Provided records section start
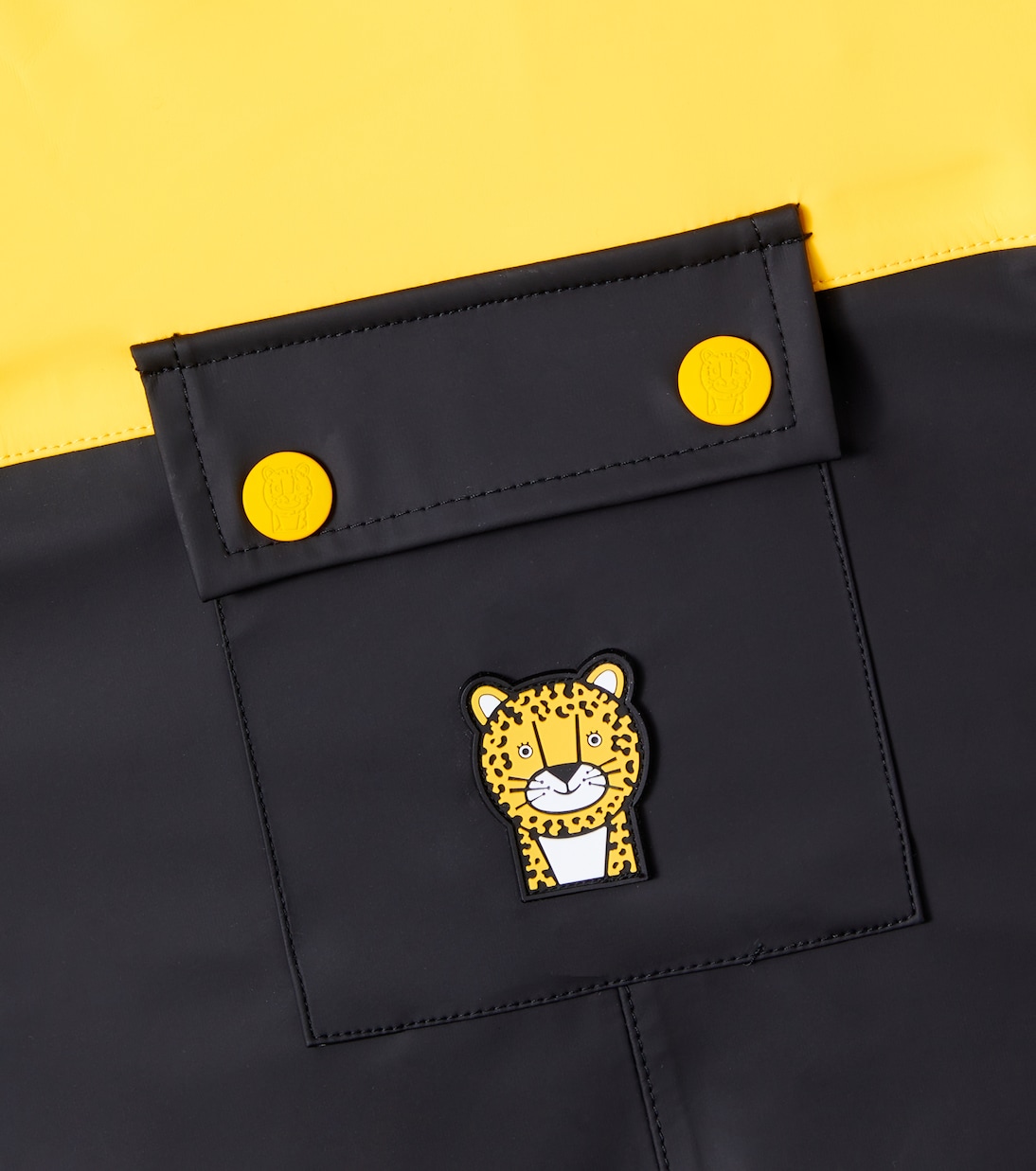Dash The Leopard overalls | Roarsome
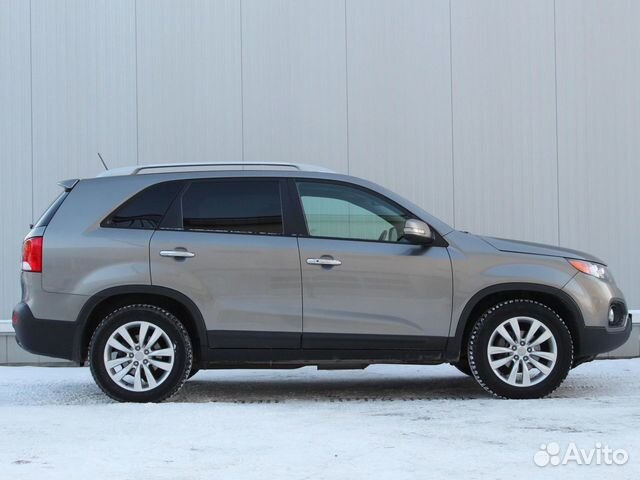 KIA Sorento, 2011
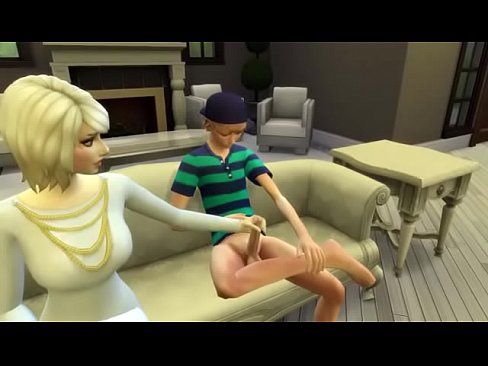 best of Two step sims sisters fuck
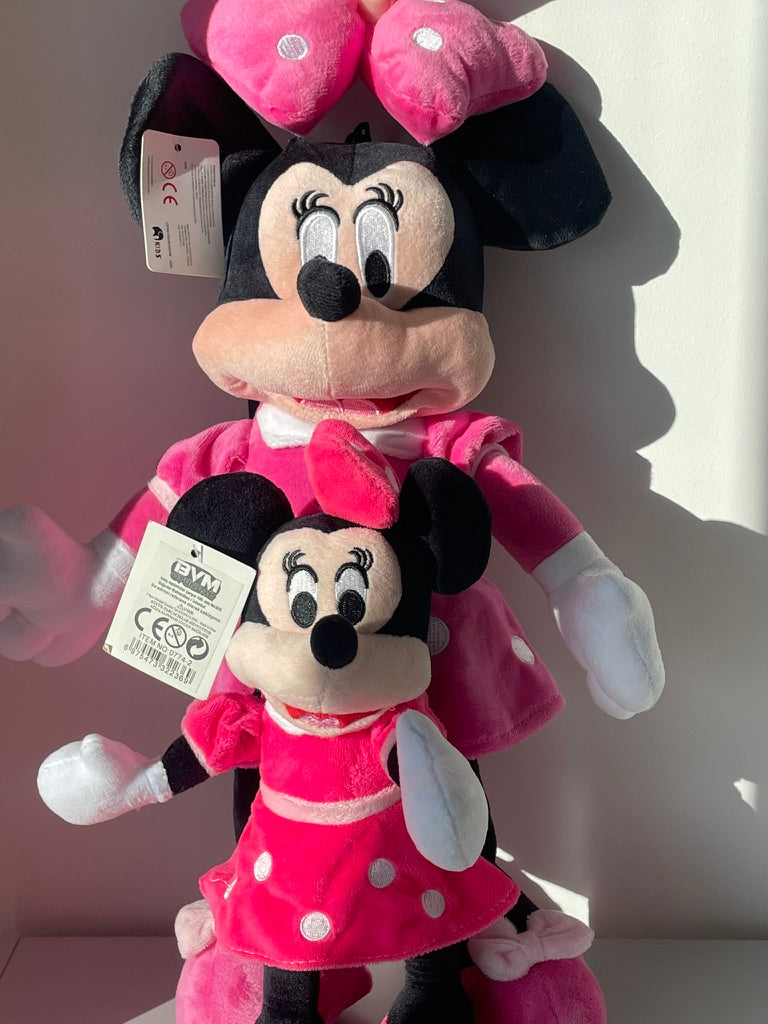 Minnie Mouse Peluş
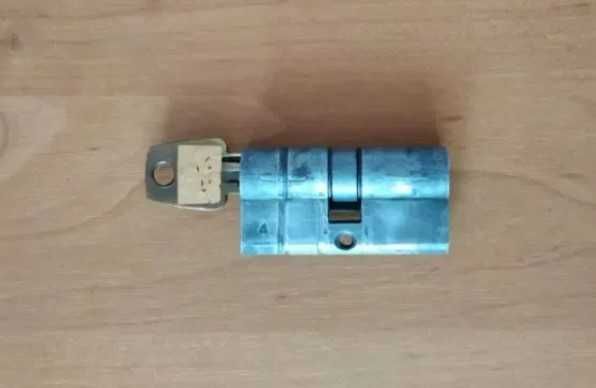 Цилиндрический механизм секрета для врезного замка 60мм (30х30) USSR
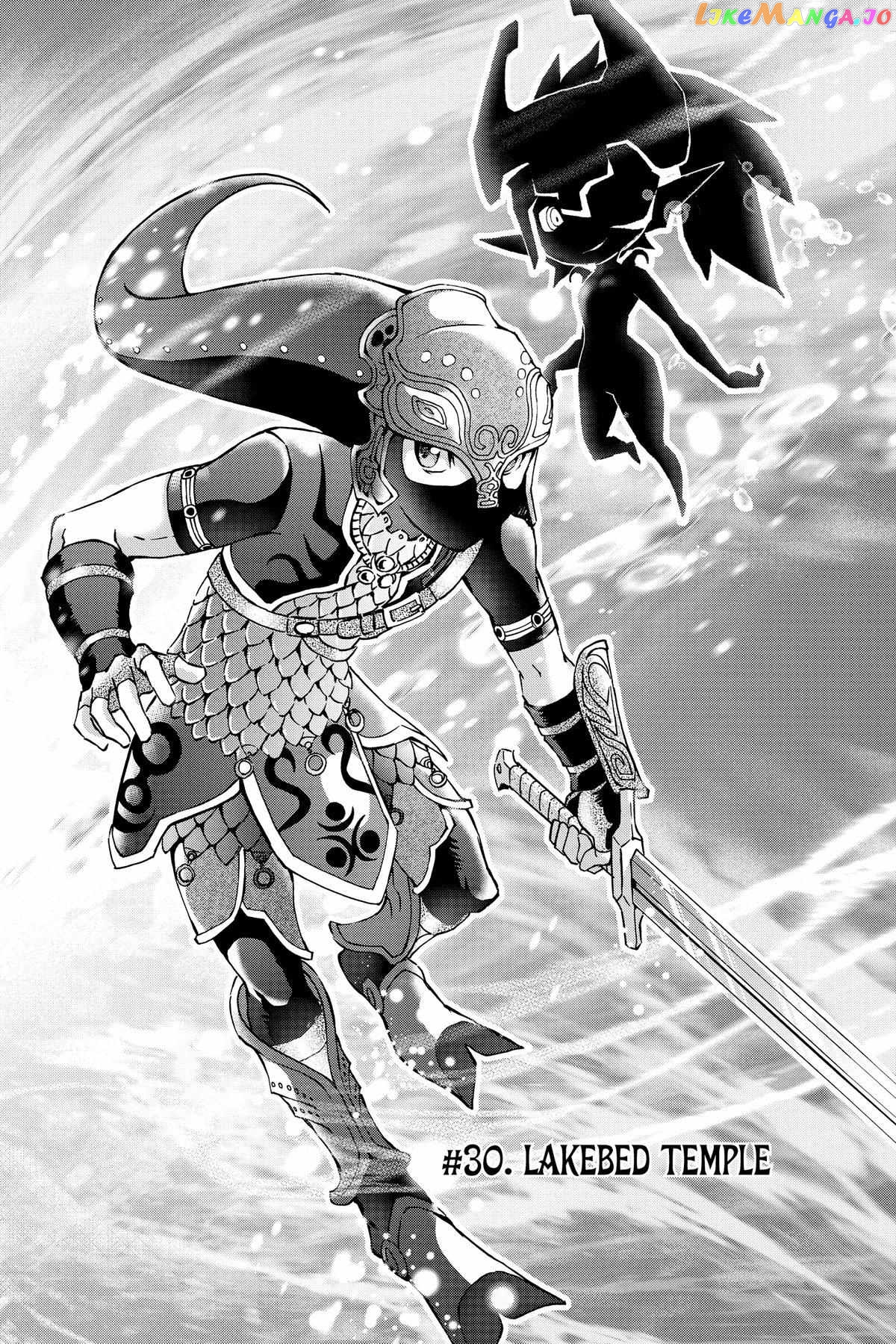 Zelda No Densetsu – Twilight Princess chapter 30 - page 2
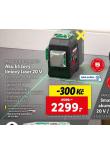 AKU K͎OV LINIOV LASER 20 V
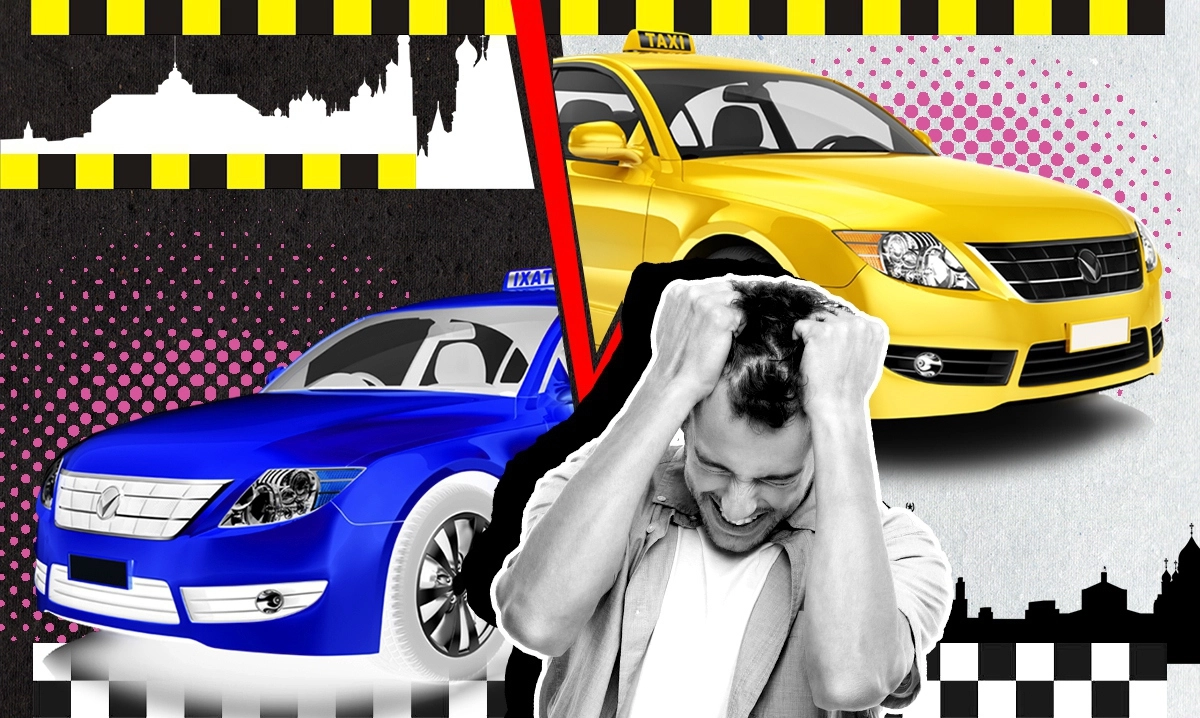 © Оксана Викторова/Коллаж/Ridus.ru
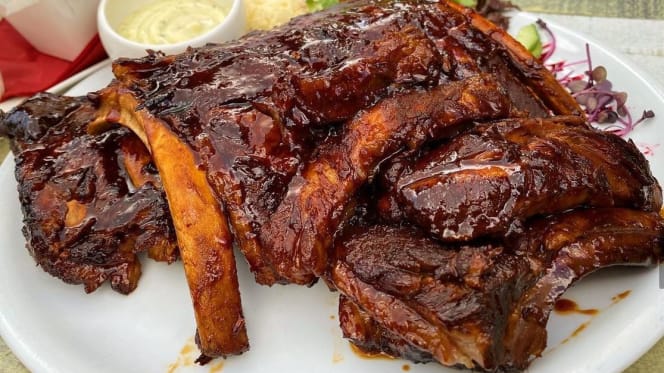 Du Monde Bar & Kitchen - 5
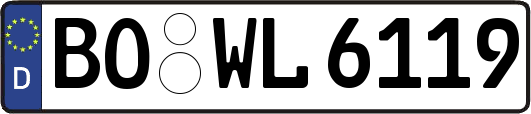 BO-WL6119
Provided records section end
• **Activity**
Write the data above out exactly. Leave out any pictures.

• **Solution**
Dash The Leopard overalls | Roarsome
 KIA Sorento, 2011
 best of Two step sims sisters fuck
 Minnie Mouse Peluş
 Цилиндрический механизм секрета для врезного замка 60мм (30х30) USSR
 Zelda No Densetsu – Twilight Princess chapter 30 - page 2
 AKU K͎OV LINIOV LASER 20 V
 © Оксана Викторова/Коллаж/Ridus.ru
 Du Monde Bar & Kitchen - 5
 BO-WL6119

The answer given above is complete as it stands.